A family lunch for my brother and his family to meet Baby Gale had to be postponed for a month. The original Greek lunch plan turned into an Italian lunch plan. I’m still in Italian mode after the days in Venice this past week; there was a semifreddo already prepared and waiting in my freezer; prosecco chilling in the fridge. The planned moussaka turned into lasagna and I decided to put together an antipasti mainly of bought things from the wonderful Corto Italian Deli in Twickenham. With a baby in the family, everything has to stay simple; mainly everything has to stay flexible. A lasagna is very forgiving. I knew if the meal was delayed it would happily sit awhile in a low oven and it’s anyway best not piping hot but allowed to cool a little.
First thing this morning I went to the deli. It almost took me back to Venice: a perfect Italian-style cappuccino with a croissant filled with jam.
As I sat there an Italian man came in and drank an espresso at the counter as his meats were cut for him to take away and a conversation in Italian ensued.
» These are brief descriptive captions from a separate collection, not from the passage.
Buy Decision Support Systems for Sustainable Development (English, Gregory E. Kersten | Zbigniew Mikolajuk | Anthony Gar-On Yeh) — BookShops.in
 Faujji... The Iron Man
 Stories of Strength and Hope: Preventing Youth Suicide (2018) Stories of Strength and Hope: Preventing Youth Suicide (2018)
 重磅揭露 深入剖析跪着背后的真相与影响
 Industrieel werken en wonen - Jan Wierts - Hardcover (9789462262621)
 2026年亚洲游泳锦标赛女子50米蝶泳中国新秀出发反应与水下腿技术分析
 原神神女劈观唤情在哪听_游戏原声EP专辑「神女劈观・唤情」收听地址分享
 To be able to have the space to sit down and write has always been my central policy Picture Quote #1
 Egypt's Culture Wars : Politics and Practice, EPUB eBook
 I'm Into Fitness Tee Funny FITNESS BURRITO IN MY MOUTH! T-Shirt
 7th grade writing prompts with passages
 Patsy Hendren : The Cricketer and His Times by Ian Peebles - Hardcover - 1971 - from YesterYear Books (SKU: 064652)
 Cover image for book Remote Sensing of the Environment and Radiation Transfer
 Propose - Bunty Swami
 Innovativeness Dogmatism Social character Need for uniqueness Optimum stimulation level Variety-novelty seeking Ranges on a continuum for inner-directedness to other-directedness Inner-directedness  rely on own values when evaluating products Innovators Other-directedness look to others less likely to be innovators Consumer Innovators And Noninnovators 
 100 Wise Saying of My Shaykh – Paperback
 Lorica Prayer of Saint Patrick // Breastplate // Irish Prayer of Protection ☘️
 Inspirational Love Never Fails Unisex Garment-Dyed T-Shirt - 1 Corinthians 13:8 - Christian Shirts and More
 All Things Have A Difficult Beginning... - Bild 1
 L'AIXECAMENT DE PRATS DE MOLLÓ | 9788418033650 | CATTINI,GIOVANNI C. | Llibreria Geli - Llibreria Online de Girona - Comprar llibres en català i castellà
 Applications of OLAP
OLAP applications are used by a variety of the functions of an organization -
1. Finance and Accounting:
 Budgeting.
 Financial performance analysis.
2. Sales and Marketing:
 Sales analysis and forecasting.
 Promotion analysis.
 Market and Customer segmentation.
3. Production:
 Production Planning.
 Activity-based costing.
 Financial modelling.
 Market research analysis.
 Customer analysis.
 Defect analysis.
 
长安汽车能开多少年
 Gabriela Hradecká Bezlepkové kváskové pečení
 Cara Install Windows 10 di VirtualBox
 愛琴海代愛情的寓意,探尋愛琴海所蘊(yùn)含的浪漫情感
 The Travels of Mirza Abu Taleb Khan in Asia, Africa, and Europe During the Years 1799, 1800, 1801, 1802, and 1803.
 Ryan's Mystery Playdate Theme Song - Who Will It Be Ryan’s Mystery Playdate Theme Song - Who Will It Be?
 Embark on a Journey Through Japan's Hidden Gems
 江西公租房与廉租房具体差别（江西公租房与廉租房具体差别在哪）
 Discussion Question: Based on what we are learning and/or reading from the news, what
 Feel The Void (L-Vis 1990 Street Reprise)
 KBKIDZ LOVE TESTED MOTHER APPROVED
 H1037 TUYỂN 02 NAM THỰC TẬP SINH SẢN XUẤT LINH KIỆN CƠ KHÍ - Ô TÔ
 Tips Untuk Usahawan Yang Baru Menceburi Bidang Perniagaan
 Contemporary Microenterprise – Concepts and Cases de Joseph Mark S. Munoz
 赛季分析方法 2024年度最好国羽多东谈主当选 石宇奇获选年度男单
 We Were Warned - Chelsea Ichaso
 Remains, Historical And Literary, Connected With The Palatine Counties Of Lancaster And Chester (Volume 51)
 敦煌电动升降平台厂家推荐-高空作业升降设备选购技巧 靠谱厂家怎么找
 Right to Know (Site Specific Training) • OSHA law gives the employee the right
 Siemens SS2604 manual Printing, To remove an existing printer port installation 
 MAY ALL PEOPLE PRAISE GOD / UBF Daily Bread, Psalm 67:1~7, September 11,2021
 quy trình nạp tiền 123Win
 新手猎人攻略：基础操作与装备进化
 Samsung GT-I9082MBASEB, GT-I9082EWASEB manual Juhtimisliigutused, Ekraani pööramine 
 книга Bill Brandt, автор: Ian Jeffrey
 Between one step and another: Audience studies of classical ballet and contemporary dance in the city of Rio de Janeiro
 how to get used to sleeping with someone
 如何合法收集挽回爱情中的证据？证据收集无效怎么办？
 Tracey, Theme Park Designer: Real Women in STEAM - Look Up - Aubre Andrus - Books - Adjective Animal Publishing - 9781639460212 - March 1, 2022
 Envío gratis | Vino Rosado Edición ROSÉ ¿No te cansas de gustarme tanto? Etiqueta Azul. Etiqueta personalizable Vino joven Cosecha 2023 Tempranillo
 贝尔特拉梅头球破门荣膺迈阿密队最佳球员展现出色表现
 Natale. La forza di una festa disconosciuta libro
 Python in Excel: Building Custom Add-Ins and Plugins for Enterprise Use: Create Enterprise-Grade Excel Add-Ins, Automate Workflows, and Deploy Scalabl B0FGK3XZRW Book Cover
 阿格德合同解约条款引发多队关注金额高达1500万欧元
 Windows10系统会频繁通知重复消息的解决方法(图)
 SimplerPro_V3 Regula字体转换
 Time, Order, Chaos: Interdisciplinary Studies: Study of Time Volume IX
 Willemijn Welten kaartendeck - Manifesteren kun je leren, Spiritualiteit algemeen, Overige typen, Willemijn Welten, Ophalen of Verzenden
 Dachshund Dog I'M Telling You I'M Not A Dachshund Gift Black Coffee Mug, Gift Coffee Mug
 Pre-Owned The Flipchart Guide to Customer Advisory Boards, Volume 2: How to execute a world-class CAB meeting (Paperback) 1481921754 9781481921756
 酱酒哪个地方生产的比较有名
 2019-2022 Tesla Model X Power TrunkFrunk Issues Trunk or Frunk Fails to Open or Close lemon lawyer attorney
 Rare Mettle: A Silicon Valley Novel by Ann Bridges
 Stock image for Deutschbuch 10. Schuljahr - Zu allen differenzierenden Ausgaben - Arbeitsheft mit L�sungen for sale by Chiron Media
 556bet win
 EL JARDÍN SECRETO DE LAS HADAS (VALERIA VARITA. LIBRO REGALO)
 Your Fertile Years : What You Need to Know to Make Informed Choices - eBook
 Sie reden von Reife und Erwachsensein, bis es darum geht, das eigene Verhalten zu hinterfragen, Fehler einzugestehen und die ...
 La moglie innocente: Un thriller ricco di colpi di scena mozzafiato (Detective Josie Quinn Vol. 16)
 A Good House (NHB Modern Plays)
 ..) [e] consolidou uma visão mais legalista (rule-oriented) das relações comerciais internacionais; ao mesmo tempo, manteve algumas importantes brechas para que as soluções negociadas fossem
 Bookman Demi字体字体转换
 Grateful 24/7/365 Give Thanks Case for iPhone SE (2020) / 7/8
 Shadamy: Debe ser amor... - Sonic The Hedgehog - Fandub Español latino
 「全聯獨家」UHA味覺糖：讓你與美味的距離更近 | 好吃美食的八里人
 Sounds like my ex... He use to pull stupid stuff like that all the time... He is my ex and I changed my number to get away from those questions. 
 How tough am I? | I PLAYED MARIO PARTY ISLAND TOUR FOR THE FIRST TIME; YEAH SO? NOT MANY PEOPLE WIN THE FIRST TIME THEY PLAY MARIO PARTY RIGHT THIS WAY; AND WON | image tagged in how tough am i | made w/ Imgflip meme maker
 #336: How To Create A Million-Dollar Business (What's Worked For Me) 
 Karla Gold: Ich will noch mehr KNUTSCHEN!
Then, my breakfast finished, I made my choices. Romina recommended the stracciatella – the filling that goes into a burrata. Stracciatella means ‘torn apart’ and thin strands of buffalo mozzarella are mixed into cream.
Romina suggested I should sprinkle just a little salt and pepper over it and some olive oil. I also bought some Tuscan prosciutto, mortadella and salami with fennel. There were some good looking ciabatta loaves and I bought some taralli too. In Italy bread baskets always came with fresh bread and bread sticks or biscuits. Back at home I griddled some courgettes and tomatoes and opened a jar of chargrilled artichokes from Carluccio’s.
When it came to eating, the meats were simply fantastic. I don’t know anywhere better to buy cold meats and now the family is becoming so spoilt by the quality at Corto Deli we won’t want to buy meat anywhere else. And the stracciatella was wonderful; quite special and a real treat.
The lasagna I’d started preparing the day before, making the ragu last night. Making a lasagna from scratch takes a while; having the ragu all done made putting it together easier today. It cooked quite slowly in the oven for a long time and by the time we came to eat it, it was beautifully browned; a nice crust from the Parmigiano on top. I’d added an extra layer of spinach through the middle – just fresh, uncooked baby spinach leaves laid across one of the layers. It’s a Jamie Oliver idea; not ‘authentic’ maybe but nice. We served just a simple green salad with it.
The semifreddo came out of the freezer to soften a bit while we ate the main course. I’d used the same recipe as I put on the blog recently – click here – and made that first and chilled in fridge.
However, to jazz it up a bit I decided to put in a raspberry layer and add a topping of crushed amaretti biscuits. For the raspberry layer I just gently cooked 300g raspberries with a little sugar (this will depend on the sweetness of your raspberries) and a squeeze of lemon juice, as if making a compôte.
I didn’t cook it down a lot though and at the end mashed a little but left some recognisable raspberry pieces. I chilled this too. When everything was ready I crushed 12 amaretti biscuits with a rolling pin in a freezer bag.
I lined a 2-litre loaf tin with cling film and spread a layer of the crushed biscuits over the bottom. I put in the freezer for about 20 minutes. It was all a bit of an experiment – would the layer remain once I’d poured in some of the chocolate mixture. I did that very carefully – just half of the chocolate. Then I froze it, checking after about an hour that it was set. Then I carefully poured over a layer of the raspberry (the entire compôte) and left this to set for another hour.
Finally I poured in the rest of the chocolate mix and put it back in the freezer.
I waited until it was frozen before covering the top in a couple of layers of cling film for protection in the freezer. Then it was happy to wait a week while I went to Venice! I was slightly worried when tipping it out of the tin to serve this lunchtime that the amaretti layer would have completely disappeared, but it was still there; slightly sunken but a definite layer. I crushed a few more amaretti and scattered them over the top.
Another slight worry was that while I knew the chocolate would be easy to slice through, would the raspberry layer? Or would it be hard and icy? But it was all fine; it was all wonderful!
Although we’d all eaten a large antipasti … a good slice of lasagna, drunk Prosecco and Chianti … everyone wanted seconds of the semifreddo! I was really pleased with the chocolate semifreddo I made a few weeks ago, but the addition of the raspberry and amaretti layers made a big difference. The flavours all work together well and the finished dish felt more special than a simple chocolate version. It’s so good when experimenting works well. But it was even better to be seven family round a table enjoying each others’ company and a good meal.